The Devil leaned up close behind me and put his claw hand on my shoulder. I could feel his hot breath on the back of my neck. “His old man is reading Nietzsche,” he whispered, his tongue grazing my earlobe.

“What's he saying?” Christ asked me.

“Which way am I supposed to turn to get out of this development?” I asked.

Just then there was an abrupt bump on the top of the car. It startled me and I swerved, almost hitting a garbage can.

“You gotta check this out,” said the Devil. “Saint Lumley of the Bad Trips is flying over us.”

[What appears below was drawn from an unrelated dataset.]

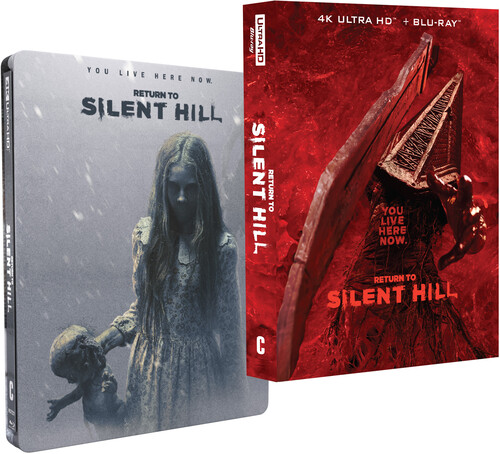 Return to Silent Hill (Collector's Ed) (Steelbook) - Return To Silent Hill (Ce) Uhd+Bd Stlbk (4k) [Limited Edition]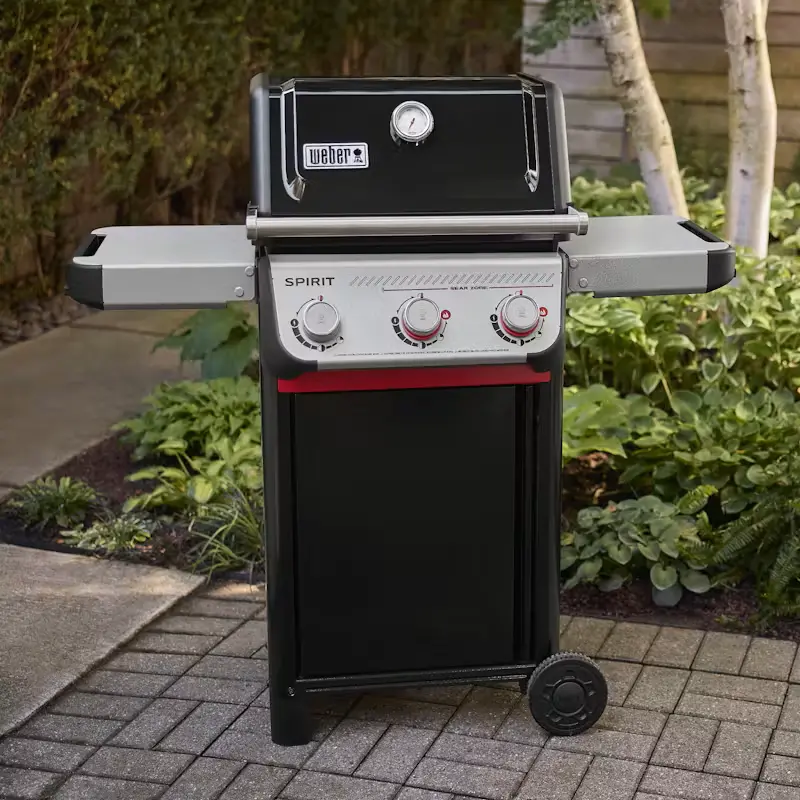 1500789 Weber Spirit E-325 Liquid Propane 3 Burner Grill-2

“Punch the gas,” yelled Christ, and I floored it. I drove like a maniac, screeching around corners as the pastel ranches flew by.

“We're starting to lose her,” the Devil called out.

“What are you carrying?” Christ asked.

“I've got a full minute of fire,” said the Devil. “What have you got?”

“I've got the Machine of Eden,” said Christ.

“Uhh, not
The
fucking Machine of Eden,” said the Devil, and slammed the back of my seat.

“What do you mean?” said Christ.

“When was the last time that thing worked?”

“It works,” said Christ.

“Pull off and go through the gate up on your right,” said the Devil. “We've got to take her out or she'll dog us for eternity.”

“I don't like this at all,” said Christ.

After passing the gate, I drove on a winding gravel road that led to the local landfill. There were endless moonlit hills of junk and garbage. I parked the car and we got out.

“We've got to get to the top of that hill before she gets here,” said Christ, pointing to a huge mound of garbage.

I scrabbled up the hill, clutching at old car seats and stepping on dead appliances. Startled rats scurried through the debris. When I reached the top I was sweating and panting. Christ beat me, but I had to reach back down and help the Devil up the last few steps.

“It's the hooves,” he said, “they're worse than high heels.”

“There's some cool old stuff here,” said Christ.

“I saw a whole carton of
National Geographics
I want to snag on the way out,” said the Devil.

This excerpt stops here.